Torture becomes central to the anti-insurgency: "Interrogation conducted in such a way to ensure that we always get an answer," explains Colonel Mathieu, French commander. "Humane considerations will only result in despair and confusion...Should France stay in Algeria? If your answer is yes, then you must accept all consequences."

Without the lens of an international media focused on them, the French had some wiggle room for open criminality in Algiers. But compared to this, does Alberto Gonzales' stated "quaintness" of the Geneva Conventions seem more compassionate? Does Abu Ghraib seem progressive? At the end of the day, torture is torture and Pontecorvo does not shy from depicting the myriad ways information can be extracted from human bodies: water torture, electric shock, blowtorches, etc.

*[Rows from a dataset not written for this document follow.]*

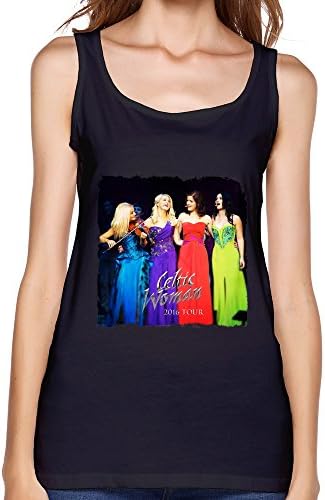 Celtic Woman Tour Mairead Susan Lynn Mairead Carlin Womens Tank Top Black XL
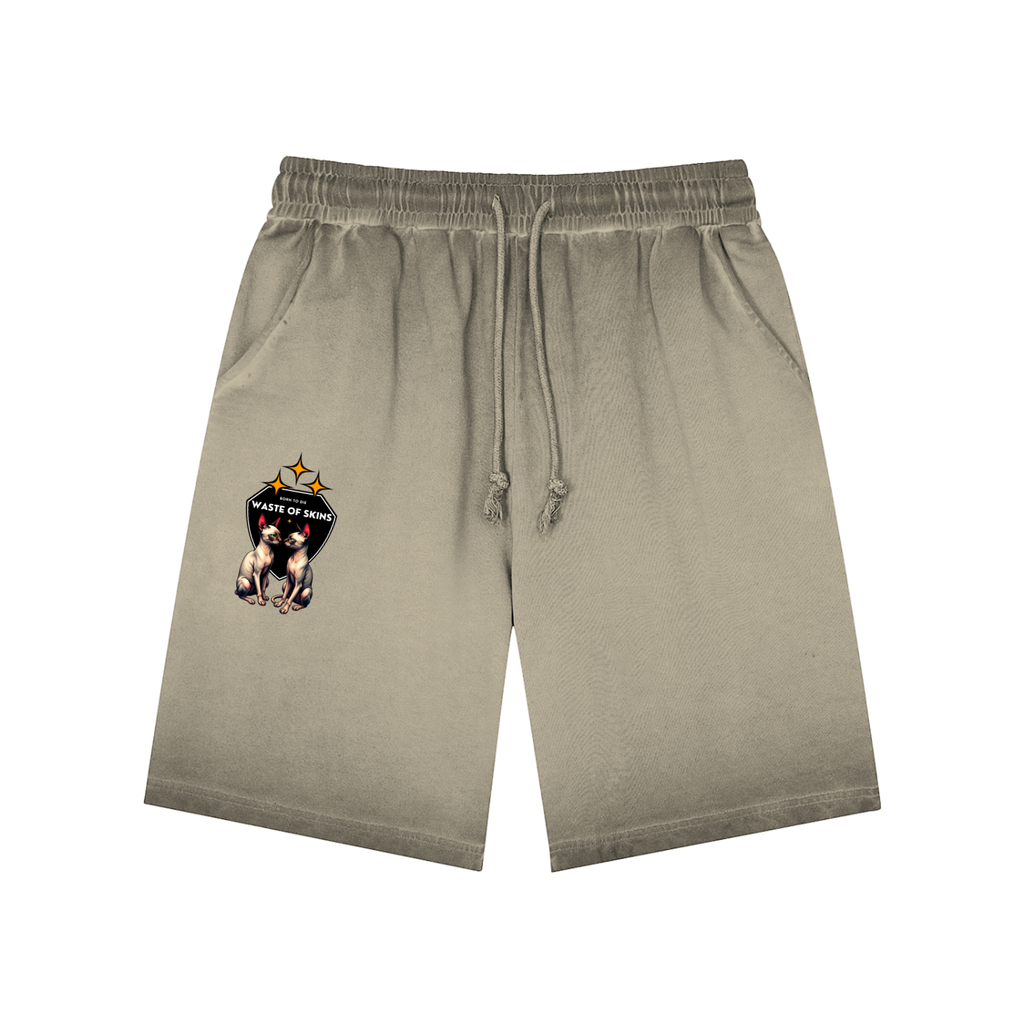 "BORN TO DIE"— Waste of Skins® shorts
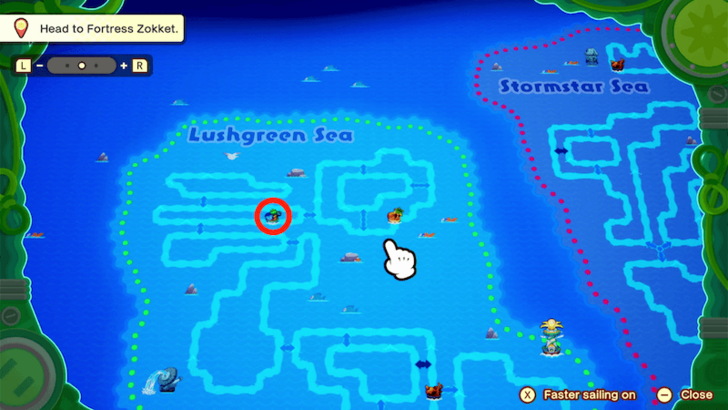 Morsel Islet Map Location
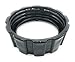 Blendin Tapa de plástico para anillo inferior de repuesto, compatible con batidoras Hamilton Beach 990035900, HB908, 909, 919 (negro)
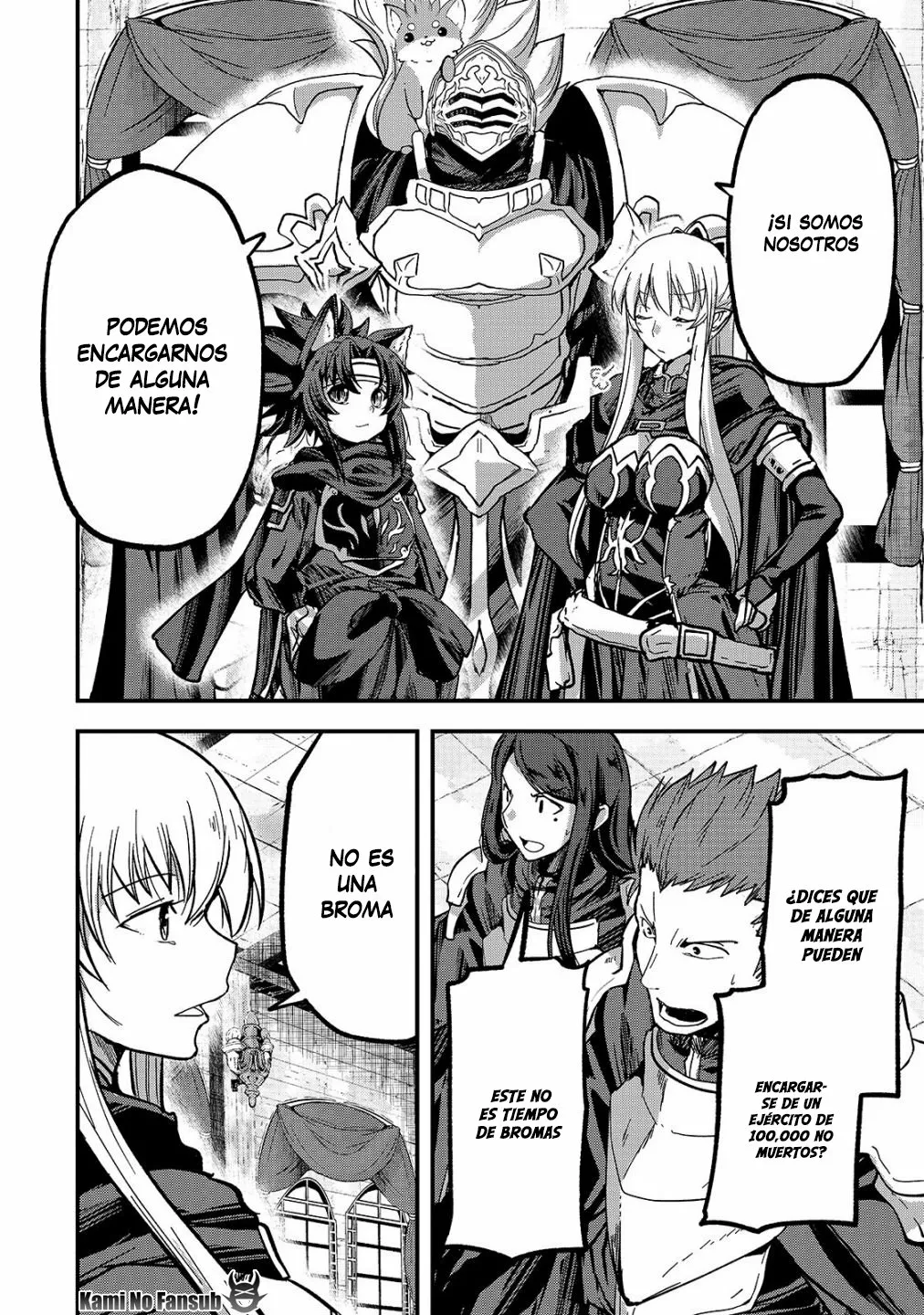 Gaikotsu Kishi-sama, Tadaima Isekai e Odekakechuu Capítulo 38 - Page 20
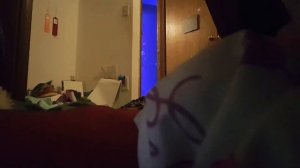 hidden camera (on my mom)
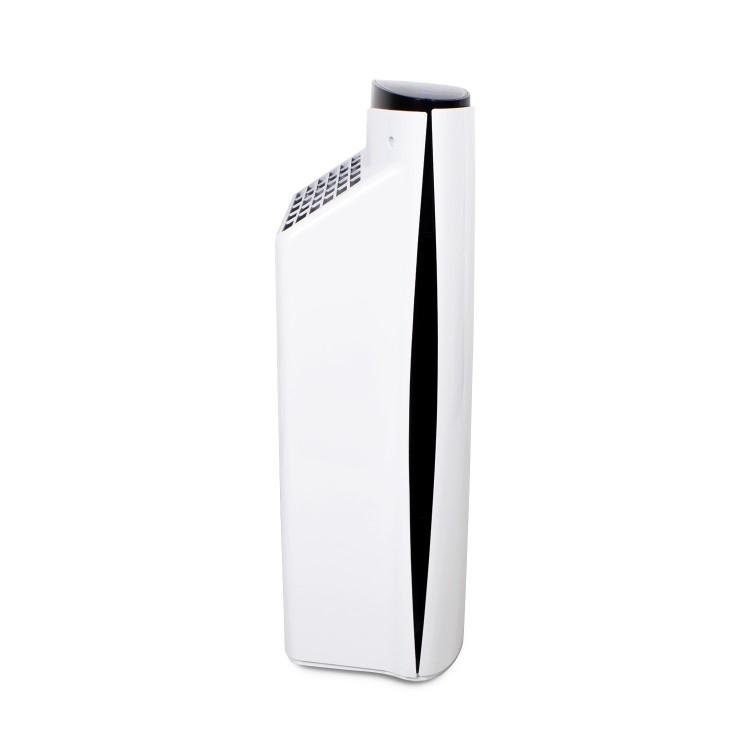 GRADE A1 - electriQ Air Purifier 7 stage cleaning with True HEPA UV TiO2 Ioniser - great for homes and offices up to 100sqm 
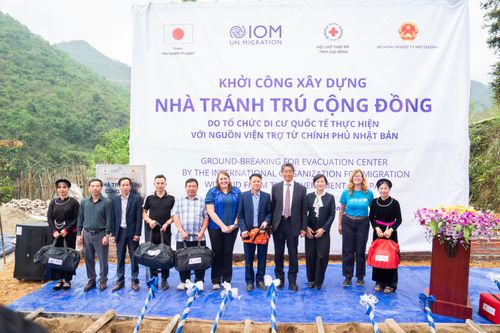Nhật Bản viện trợ 1,5 triệu USD giúp Việt Nam khắc phục thiên tai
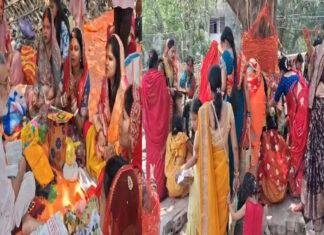 वट सावित्री पूजा आज : पटना सहित बिहार की अलग-अलग जिले की महिलाएं ने की पूजा, पति की सुख-समृद्धि व आरोग्य की कामना
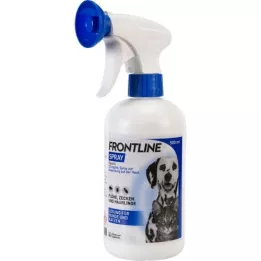 FRONTLINE Spray para cães/gatos, 500 ml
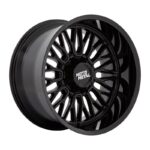 Statusfälgar MO809 STINGER GLOSS BLACK 12x22 jako: 6x135/139,7 et: -44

The Battle of Algiers is not a slow film. But the action comes not in climactic eruptions of adrenaline, as in our blockbusters, but instead with the persistent anxiety of a terror campaign. As the camera moves us through the labyrinthine Casbah, we become innocent bystanders to the horror. Pontecorvo builds the tension with a nerve-wracking soundtrack of lone guitar notes, women's ululations and chanting crowds.

The Black Panthers supposedly mined The Battle of Algiers for revolutionary tactics. Facing a growing insurgency in 2004--the same year the film was re-released in the U.S.--Pentagon war planners held their own screening. Pontecorvo was vexed by this. The film should "teach how to make cinema, not war," he said.

But because we live in an insane time, tragic mistakes of the past are repeated with different outcomes expected. In this mad cycle, where war is marketed and sold as art, it perversely follows that war-makers would reflect on film to guide their war.